##### LISTED RECORDS #####

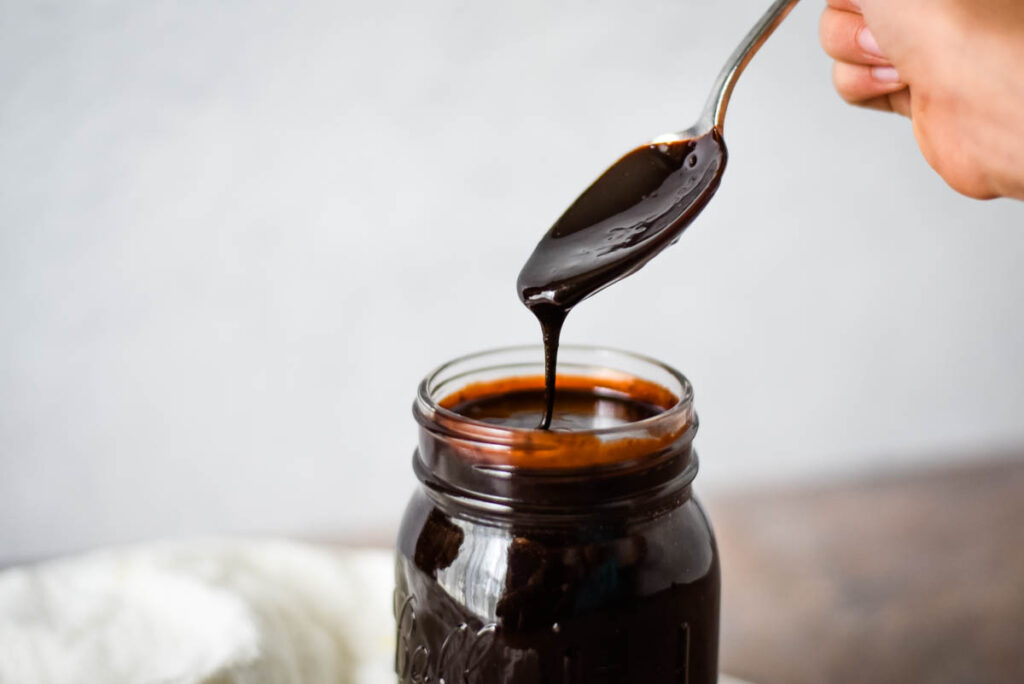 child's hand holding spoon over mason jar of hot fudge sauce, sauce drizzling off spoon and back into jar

#####
##### LISTED RECORDS #####

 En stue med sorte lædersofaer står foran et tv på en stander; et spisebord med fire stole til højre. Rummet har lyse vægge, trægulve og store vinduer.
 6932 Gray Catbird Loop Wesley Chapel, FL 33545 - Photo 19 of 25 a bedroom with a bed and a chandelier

#####

### WHAT THE TASK ASKS
The required output is the stretch of entries above from the line containing "En stue med" through the line containing "6932 Gray Catbird", reproduced exactly.

### EXERCISE OUTPUT
 En stue med sorte lædersofaer står foran et tv på en stander; et spisebord med fire stole til højre. Rummet har lyse vægge, trægulve og store vinduer.
 6932 Gray Catbird Loop Wesley Chapel, FL 33545 - Photo 19 of 25 a bedroom with a bed and a chandelier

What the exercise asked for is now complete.